Le souverain n’a pas eu de mots assez durs pour qualifier les auteurs des attentats du 16 mai. Et met en garde tous ceux qui « exploitent la démocratie pour porter atteinte à l’autorité de l’État ».

Publié le 5 juin 2003 Lecture : 2 minutes.

Treize jours après les dramatiques attentats du 16 mai, c’est un Mohammed VI grave, solennel et en costume sombre, aussi classique et professionnel que son père en pareille occasion était subjectif et parfois passionné, qui s’est adressé à son « cher peuple » depuis le palais de Casablanca, la ville meurtrie. Dix minutes d’un discours sobre et ferme, lu avec plus de retenue que d’ordinaire, pour rassurer des Marocains traumatisés et esquisser un projet de société. Le roi n’a pas eu de mots assez durs pour qualifier les terroristes, « ignobles scélérats qui ne peuvent en aucune manière se réclamer du Maroc ou de l’islam authentique » et qui ont « trahi leur patrie et tué perfidement » ; « bande de voyous crapuleux » en face desquels une seule réponse est possible : « le terrorisme ne passera pas ».

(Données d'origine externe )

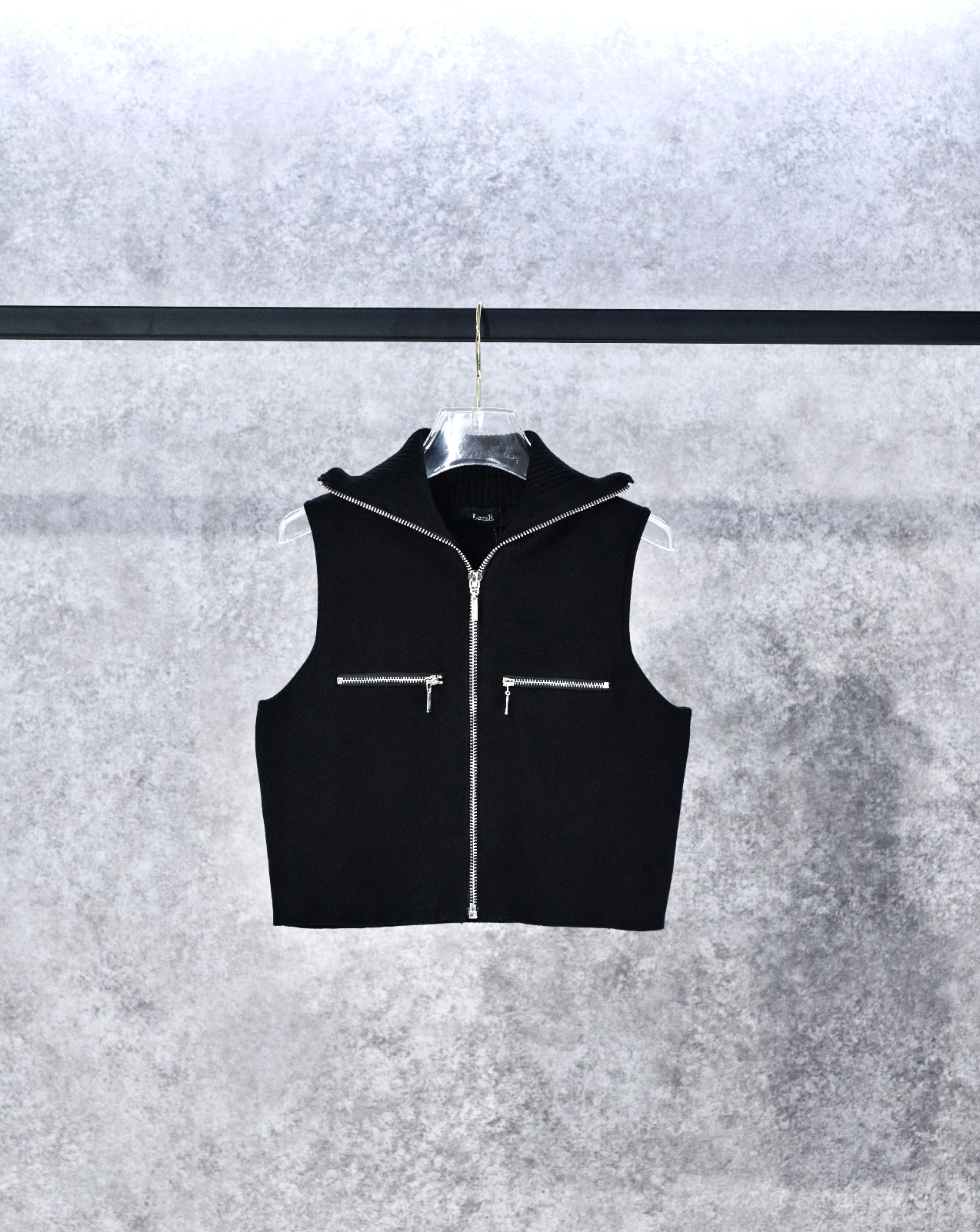 no-sleeve zip-up tops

Mais l’adresse royale ne se limite pas à cette condamnation aussi attendue que partagée par la grande majorité des Marocains. Ceux qui, « faisant mauvais usage de la liberté d’opinion, se sont cantonnés dans une opposition systématique aux orientations des pouvoirs publics », ceux qui « exploitent la démocratie pour porter atteinte à l’autorité de l’État », ceux dont « les idées représentent un terreau pour semer les épines de l’ostracisme, du fanatisme et de la discorde », ceux, enfin, qualifiés de « désinvoltes », qui mènent campagne contre « les autorités publiques et judiciaires », sont dans le collimateur royal. Il faut un « État fort » dans le cadre « de la démocratie et de la suprématie de la loi ».
Ce message, d’un roi confronté à sa plus grave crise depuis son accession au trône il y a bientôt quatre ans, s’adresse à la fois aux partis et mouvements islamistes dits modérés, au premier rang desquels le Parti de la justice et du développement (PJD) et l’association que dirige Cheikh Yacine, ainsi qu’aux médias et ONG qui avaient fait de la critique du pouvoir et de ses supposées « dérives sécuritaires » leur pain hebdomadaire.
Il vise aussi toute une fraction de la bourgeoisie marocaine, tentée de passer un compromis résigné et quasi vichyssois avec les « barbus », dont l’ascension est perçue comme irrésistible. Dans son discours, Mohammed VI n’a d’ailleurs pas hésité à revendiquer l’un des deux mots tabous – avec Makhzen – du « politiquement correct » marocain d’aujourd’hui : celui de sécuritaire. Le sécuritaire, dit-il, est l’un des volets de « notre stratégie globale ». Tout comme il y a, aux États-Unis, un avant- et un après-11 septembre, le royaume est entré dans l’ère de l’après-16 mai.